(Dataset entries)
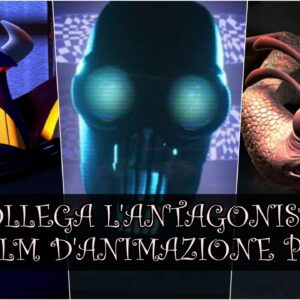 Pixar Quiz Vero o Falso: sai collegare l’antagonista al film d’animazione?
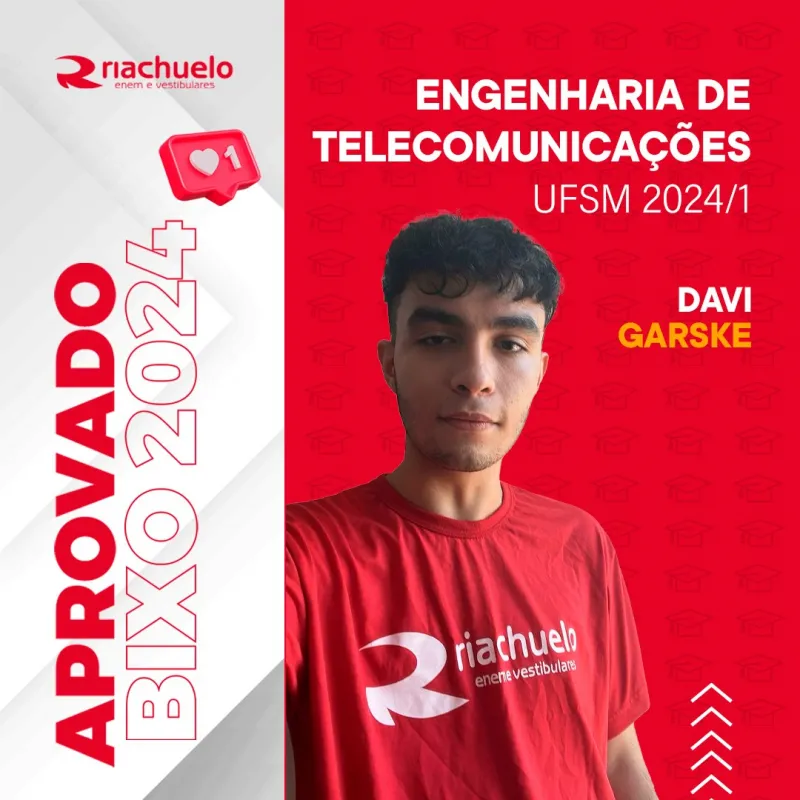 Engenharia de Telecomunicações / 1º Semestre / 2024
(End Dataset entries)
(Dataset entries)
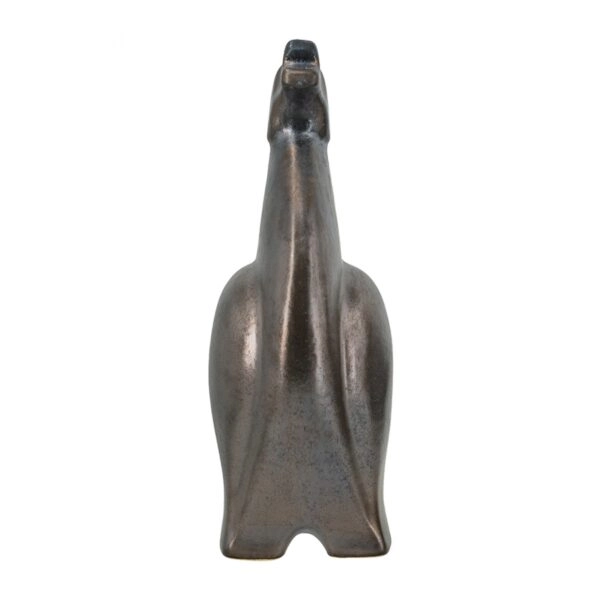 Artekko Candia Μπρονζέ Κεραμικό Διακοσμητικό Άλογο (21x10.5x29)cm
(End Dataset entries)
» **Task instructions**
Print exactly the lines above that run from the one with "Pixar Quiz Vero" down to the one with "Engenharia de Telecomunicações", and omit the pictures.

» **Answer**
 Pixar Quiz Vero o Falso: sai collegare l’antagonista al film d’animazione?
 Engenharia de Telecomunicações / 1º Semestre / 2024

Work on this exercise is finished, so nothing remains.